FERROPORTIN: AN IRON EXPORT PROTEIN
Three independent studies seeking to further elucidate the molecular basis for the export of iron led to the identification of the same factor: ferroportin-1 was found through positional cloning of a defective gene in anemic zebrafish (6), Ireg-1 was discovered by hybridization of mRNAs induced in hypotransferrinemic (hpx) mice (17), and metal transport protein-1 (MTP1) was cloned by construction of a library enriched for iron-responsive protein-1 (IRP-1) binding (1). Also known by its gene name SLC40A1 (previously called Slc39A1 and SLC11A3), there is some agreement that the name “ferroportin” best describes this transporter.
Ferroportin is a highly conserved 571-amino acid protein with human, mouse, and rat clones being 90–95% homologous at the protein level. Ferroportin mRNA and protein are abundant in the liver, spleen, kidney, heart, and placenta as well as the duodenum, and all of these organs can export iron. The protein has been localized to the basolateral membrane of polarized epithelial cells (17), supporting the idea that it functions in the assimilation of dietary iron by exporting the metal from intestinal enterocytes.
The iron export function of ferroportin has been demonstrated in Xenopus oocytes (6, 17), but the presumed role for ferroxidase activity in this process is unclear. One group demonstrated iron efflux in the absence of ceruloplasmin but in the presence of transferrin (6), whereas another showed ceruloplasmin was necessary for efflux but that transferrin was not (17). Neither group rigorously addressed whether ferroxidase activity per se was required to support iron efflux. However, a glycosylphosphatidylinositol (GPI)-linked form of ceruloplasmin has been found to associate with ferroportin and to facilitate iron efflux from brain astrocytes (12). There is speculation that a similar complex forms in the enterocyte between membrane-bound hephaestin and ferroportin, but strong evidence for this binding interaction is lacking.
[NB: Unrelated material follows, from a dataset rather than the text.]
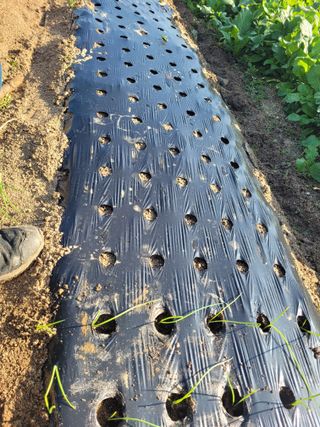 안성의 농사준비꾼님의 양파 · 영농일지 작성글 사진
Regardless of its precise export mechanism and the presumed role for ferroxidase activity, overexpression of ferroportin in tissue culture cells confirms its function in iron release because depletion of cytosolic iron can be shown by decreased levels of the iron-storage protein ferritin (1).
Disruption of ferroportin expression in zebrafish (6) and mice (7) results in embryonic lethality, but for both animals this effect appears to be due to impaired maternal-fetal iron transfer. To establish the role of murine ferroportin function in vivo, Donovan et al. (7) selectively inactivated its postnatal expression in the intestine. Once intestinal expression was suppressed, the mice developed severe iron-deficiency anemia and accumulated duodenal iron consistent with a critical role for the transporter in dietary iron assimilation. On the basis of these data, the authors concluded that ferroportin provides the major, if not the only, iron export pathway in the small intestine.
FERROPORTIN IS A RECEPTOR FOR HEPCIDIN
The most important recent discovery in our understanding of intestinal iron absorption has been the role of the liver-derived peptide hepcidin. Hepcidin is produced under iron-loading and inflammatory conditions to suppress iron absorption, and its synthesis is diminished in response to iron deficiency, pregnancy, or enhanced erythropoiesis to promote iron uptake. This peptide therefore provides a direct link between the liver, bone marrow, and intestine to adjust dietary iron absorption to meet the needs of the body.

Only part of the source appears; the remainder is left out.